Docker and CI - Githubissues

fernandogelin commented 4 years ago

This PR acts like a RFC for the new process of creating environments, building and pushing docker images to GCR for use in JupyterHub.

Overview

We use Github Actions and Docker Compose to create the environments, build, and push the docker images. This new process will replace the previous process outline in the docker-stacks repository. By moving the creation of the Docker images to Github actions, we cut down the time we spend building and waiting for these images to build. Often when we do this in our personal computers, the images end up taking too much disk space and eventually docker will complain. This will not be a problem with the new process.

The GH Actions way

To create an image to be used in JupyterHub for a particular class, we need these components:

Shared Components

Dockerfile: the base dockerfile to create the image. The file currently being used is from Berkley.
docker-compose.yml: docker compose file with two services. One creates the conda environment files using brownccv/jh_sandbox:0.1.0. This step will generate and write the conda environment files. These files will be uploaded as artifacts so students can use them to reproduce the JH environment. The second step uses the environment file generated in step one to build the image and push to GCR (Google Container Registry).
scripts/: contains the scripts needed by the image. Currently it has scripts needed by the Berkley image and the ones needed for the Jupyter official images.

Exclusive Components

Each class has the following exclusive components:

className/requirements.txt: the requirement file with the packages needed to create the conda environment.
.github/workflow/className.yml: the github action workflow. One workflow per class will make the environment files artifacts easier to find. In addition, it allows us to run the workflow conditionally on changes related to a single class.

General Notes

If the Dockerfile for a class needs extra steps, these should be added as stages in the same Dockerfile and an extra service should be added to docker-compose.yml with a target key.

The actions running on push will allow for a streamlined development, however, I would suggest that we tag releases for the images that are officially being used in production.
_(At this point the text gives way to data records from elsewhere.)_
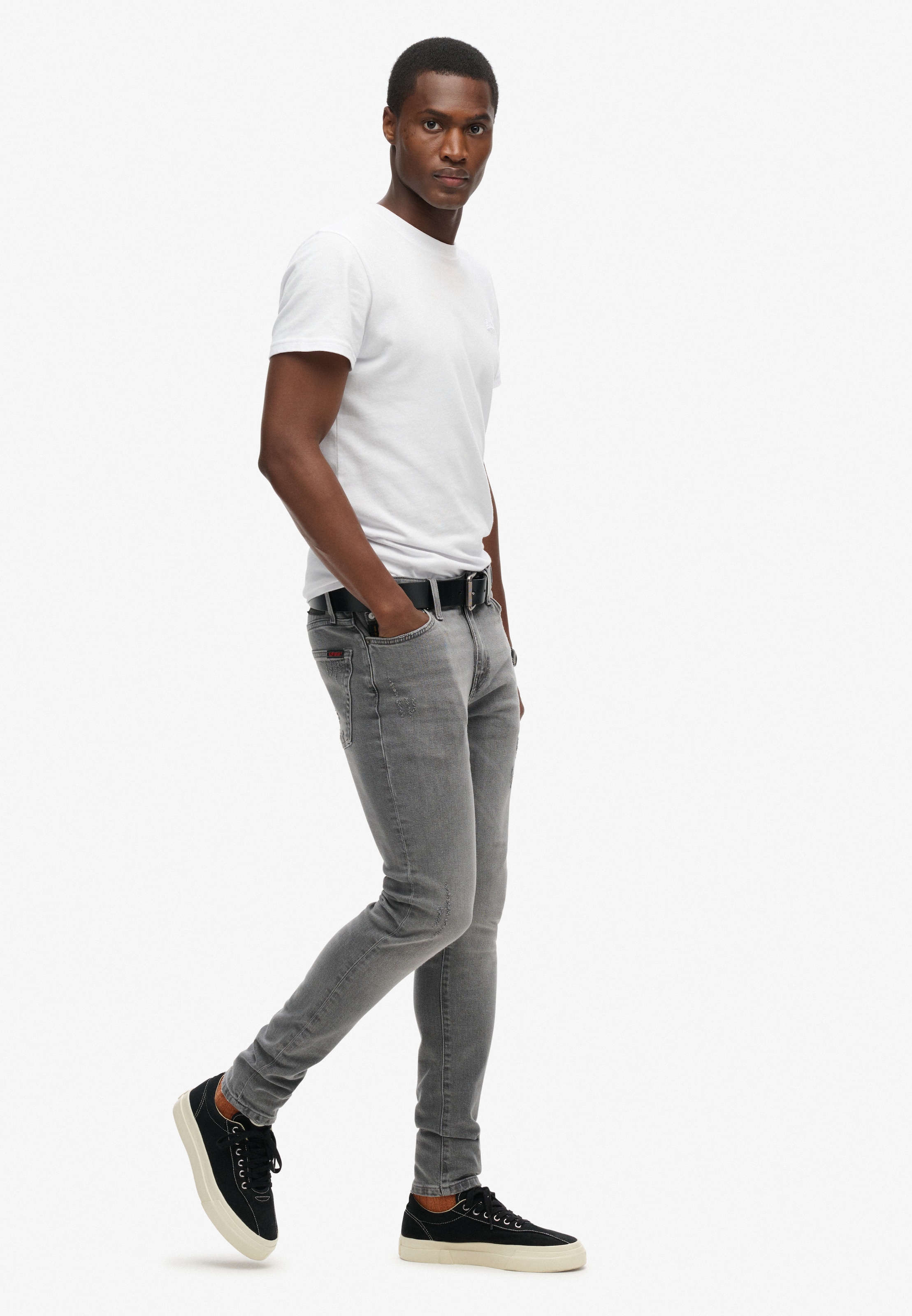 Superdry Skinny Jeans in Grijs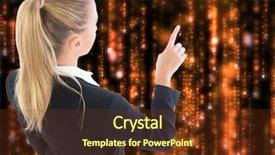  Presentation with composite - Slide set consisting of softwareware - composite image of blonde businesswoman background and a  colored foreground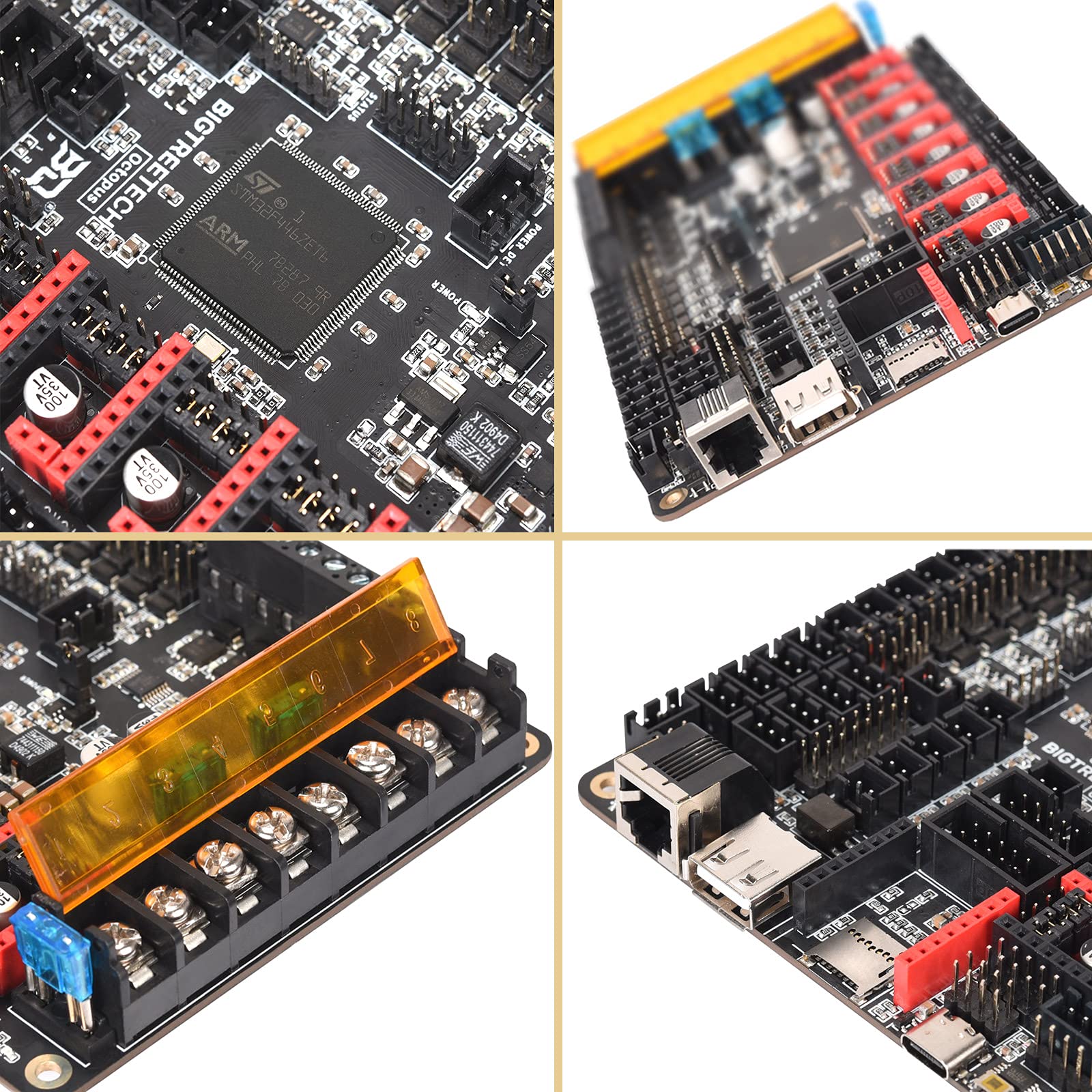 Bigtreetech Octopus V1.1 Control Board+Pitft50 V2.1 Touch Screen Display Compatible With Btt Pi 2 Tmc2209 Stepper Driver Upgrde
The release workflow is not part of this PR and still needs to be created.

This process also can be moved to the same repo as the actual JupyterHub deployment code.

The secrets needed for this action were added to the Organization level, so they can easily be reused in case we create different repos.

mirestrepo commented 4 years ago

I think this looks great! The only things that are missing are probably to be part of future PRs (which you mentioned above):

Tagging strategy: If we keep using the strategy of a fixed tag pre semester (say fall-2020) so that we don't need to run a terraform update if there is an image update, then we could use something like the label of the branch being merged as a tag or something like that. See PR Labeler. if we want to create tags on commit hash, then we would need to pair with a terraform -apply - I'm just always terrified to do that in production Could also first tag as dev-fall2020 which is tested in the dev hub and then changed to the approbate class... We probably need to chat about this point
Steps for installing Julia and other plugins

fernandogelin commented 4 years ago

I think this looks great! The only things that are missing are probably to be part of future PRs (which you mentioned above):

* Tagging strategy: If we keep using the strategy of a fixed tag pre semester (say `fall-2020`) so that we don't need to run a terraform update if there is an image update, then we could use something like the label of the branch being merged as a tag or something like that. See [PR Labeler](https://github.com/TimonVS/pr-labeler-action). if we want to create tags on commit hash, then we would need to pair with a `terraform -apply` - I'm just always terrified to do that in production
  Could also first tag as `dev-fall2020` which is tested in the dev hub and then changed to the approbate class... We probably need to chat about this point

We can have a branch named as the semester (e.g. fall2020), and we push updates to it throughout the semester. In the action workflow we can pass ~${GITHUB_REF##*/}~ ${{ github.ref }} as a tag, that will get the branch name from the environment. We can also pass ~${GITHUB_SHA}~ ${{ github.sha }}if we want to tag with the commit sha. Then when the semester is over we can freeze and tag a release, and start a new branch for the next semester (or just rename the current branch and make changes there).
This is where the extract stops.